You can join me in prayer, as this is a fact that will change the
environment in which we serve, once it does reach critical mass.

4/25/2014

Plop Plop wheeze wheeze



3 weeks ago I was outside cleaning my house on a Saturday.  I didn't feel like doing any hard labor that day so I decided just to dust for cobwebs outside.  Spiders can leave a huge mess if you don't stay on top of it.  We get some rather large spiders here.

I was 1/2 way into sweeping one wall when, BOOM, SPLASH.

The hatch over a concealed septic tank, broke and gave way beneath my feet.  I fell into the septic tank, catching my entire weight on my left side.  I was covered in things best left unmentioned, and couldn't catch my breath.

Long story short, the doctor said that I have a costacondrial separation (in my left flank).

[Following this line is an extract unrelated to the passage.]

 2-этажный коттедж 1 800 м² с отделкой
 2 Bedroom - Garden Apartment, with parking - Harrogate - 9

Not sure if the ribs are cracked or not, it's hard to take a full breath, but I'm rather sure they're not broken.  The Doctor says this is gonna take a long while to heal. 

I'm cool with dealing with chronic pain, my only concern is the flight we have in June coming up.  It's been 3 weeks and I still can't sleep well at night because I have to lie very still or I feel bad pain.

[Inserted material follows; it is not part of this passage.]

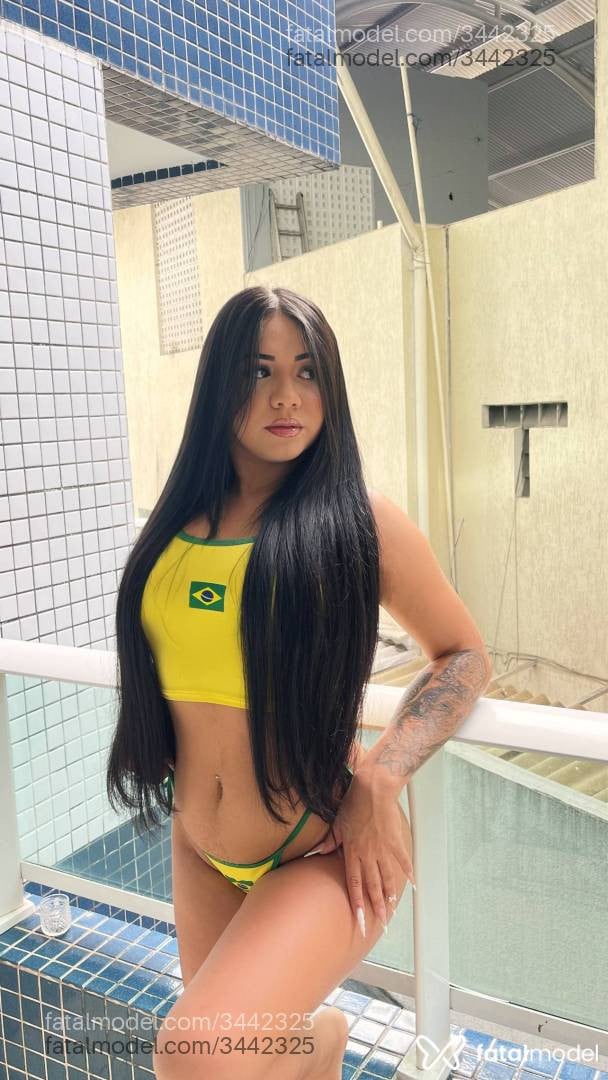 Acompanhante mulher morena (o) de olhos castanhos - Larissa Emanuele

Anyway, pray for my healing please.  This last year I feel like I've been a punching bag a little bit.  I would prefer not to be in total discomfort for the entire flight if at all possible.

Thanks for the prayers.

4/24/2014

book on CD or book?

What type of person are you?
Would you rather read the book?
Watch the movie?
Listen to the book on CD?

For me, I'd watch the movie first, then if I liked it, I'd read the book.
I read a lot of books though and sometimes I'm happy that they made a
movie of a book I like, until I see the movie and am inevitably
disappointed.

But I'm happy to have the choice.
I have the choice because A) I can read and B) they're making the
books/movies/CD's

What WE do here in PNG, is make the books.
What I do here in media is make the movies and CD's.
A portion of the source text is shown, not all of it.